The flight itself wasn't that bad.   While we pushed back from the gate on time (so the airline could get it's on time score) we sat on the ground for 30 minutes waiting on weather to clear in DC.  There was a lot of turbulence, and so it wasn't a particularly comfortable ride.

These little details weren't what made it painful.   I almost expect that as I fly.

What made it painful was how often the stewardess, the one who used the microphone the most, communicated with us.

I can't remember how often I was told "No" on this flight.

It started with her announcement of the delay, which went something like this.

"As the captain has indicated, we'll be on the ground a bit now.  We won't be serving any beverage service as we wait for clearance."

Ok, sure, but probably better ways to tell us this.

After the regular beverage service, which I admit I didn't pay much attention to, she announced a second service.

"We'll be coming through the cabin, offering coffee and water.  The water has no ice.   If you want anything else, we aren't offering it.  We have coffee and water with no ice."

Here's where I started noticing the trend.   Everything was "No."  I wasn't alone.  The girl next to me started snickering too, and I asked her, and she agreed -- this crew was surly, and it was about what we didn't get.

The plane had some considerable turbulence on the flight.   As you might expect, our negative nelly made sure to tell us.

"There is no standing in the aisle when the captain has the fasten seatbelt sign on.  Do not stand in the aisle."

Yes, this is a safety issue.   As I'm getting to... there's a better way to say this.

The best part, however, was about 30 minutes from landing in Washington's Reagan National Airport.  Now, DCA was the last airport to reopen after 9/11, and has notably had some different security rules.  In the past.    Her announcement.

"Ladies and gentlemen, we are now 40 minutes away from landing.   Due to federal regulations, all passengers must be in their seats 30 minutes from landing at DCA.  This means you won't be able to go to the bathroom or stand up.   You cannot go to the bathroom.   If you need to go, go now.  You won't be able to get up again."

She actually counted down.

"You now have 8 minutes to go to the bathroom.  You won't be able to do after this.   There is NO going to the bathroom in 8 minutes."

The passengers were starting to snicker, but notably, those of us who fly regularly, were getting angry -- you could tell.

She then announced "It's now 30 minutes from landing.  There is no getting up."

The landing was relatively quiet, and no one did get up.   The crew was in their seats early due to the turbulence, and we landed and disembarked.

I was pretty sure the regulation she was citing was outdated, and sure enough, I was right.

http://www.tsa.gov/press/releases/2005/press_release_0607.shtm

Not only is it outdated, it's five (5!) years out of date.   She's not only wrong, but she communicated everything in a negative tone.  As I discussed with several passengers while standing in line at that 8 minute mark, everything was no.  Let's try how she COULD have said things.
When on the ground: ""As the captain has indicated, we'll be on the ground a bit now.  We'll do our best if you need anything as we wait for clearance."
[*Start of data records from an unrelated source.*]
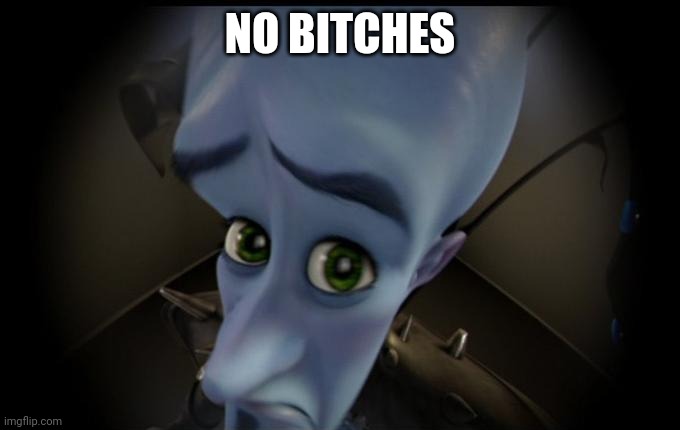 No bitches? | NO BITCHES | image tagged in no bitches | made w/ Imgflip meme maker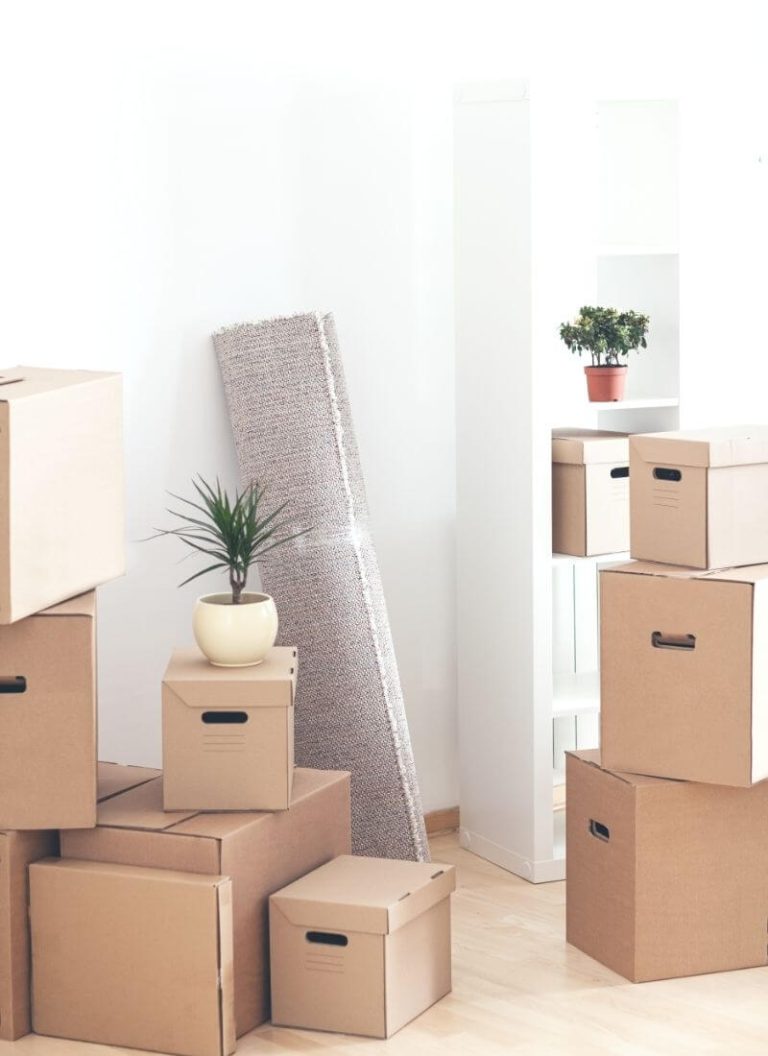 moving into first apartment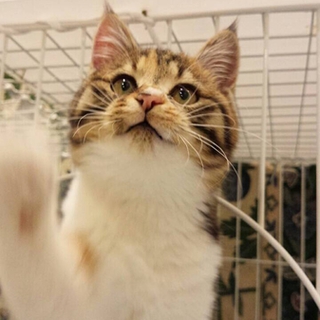 甘えん坊でちっちゃなフワフワ三毛のエミリちゃん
For the second service, she could have just said they had water and coffee.  Why the need to tell us what she didn't have -- the ice?

For the turbulence: "Ladies and gentlemen, for your own safety, when the fasten seatbelt sign is on, please stay in your seats.   We want you safe, and the unexpected cabin movement could be very painful. "
Notice the trend so far?
There's a huge customer service difference between being positive and being negative.  On US Airways Flight 49 from LAS to DCA on June 3, the crew chose to be negative.    It's a shame.  It leaves a very bad impression.